**PROBLEM REQUIREMENTS**
Exactly the lines below, starting with the one containing "this 236×315 image." and going on through the one containing "this 640×480 image.", must be reproduced, both ends included, and no pictures with them.

**THE INPUT**

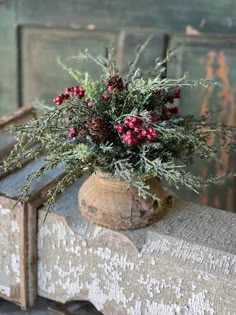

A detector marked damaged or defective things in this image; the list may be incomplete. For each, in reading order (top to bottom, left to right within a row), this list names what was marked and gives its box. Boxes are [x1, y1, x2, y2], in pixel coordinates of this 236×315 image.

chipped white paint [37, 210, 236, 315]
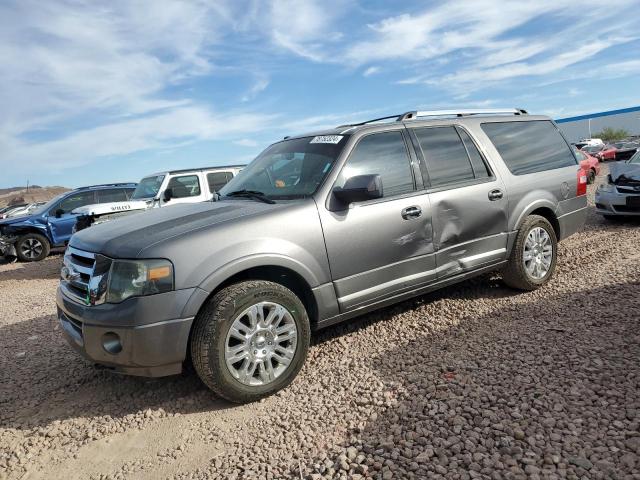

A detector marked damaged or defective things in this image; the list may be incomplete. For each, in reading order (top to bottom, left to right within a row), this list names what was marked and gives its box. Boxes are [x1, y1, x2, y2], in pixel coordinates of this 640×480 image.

...

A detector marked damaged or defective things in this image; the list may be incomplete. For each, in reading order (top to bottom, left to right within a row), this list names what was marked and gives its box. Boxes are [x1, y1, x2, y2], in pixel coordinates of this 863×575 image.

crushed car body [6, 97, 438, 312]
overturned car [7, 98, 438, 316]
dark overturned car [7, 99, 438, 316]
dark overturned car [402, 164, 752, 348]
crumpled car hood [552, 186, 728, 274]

**SOLUTION**
A detector marked damaged or defective things in this image; the list may be incomplete. For each, in reading order (top to bottom, left to right within a row), this list names what was marked and gives its box. Boxes are [x1, y1, x2, y2], in pixel coordinates of this 236×315 image.

chipped white paint [37, 210, 236, 315]

A detector marked damaged or defective things in this image; the list may be incomplete. For each, in reading order (top to bottom, left to right within a row), this list names what was marked and gives its box. Boxes are [x1, y1, x2, y2], in pixel coordinates of this 640×480 image.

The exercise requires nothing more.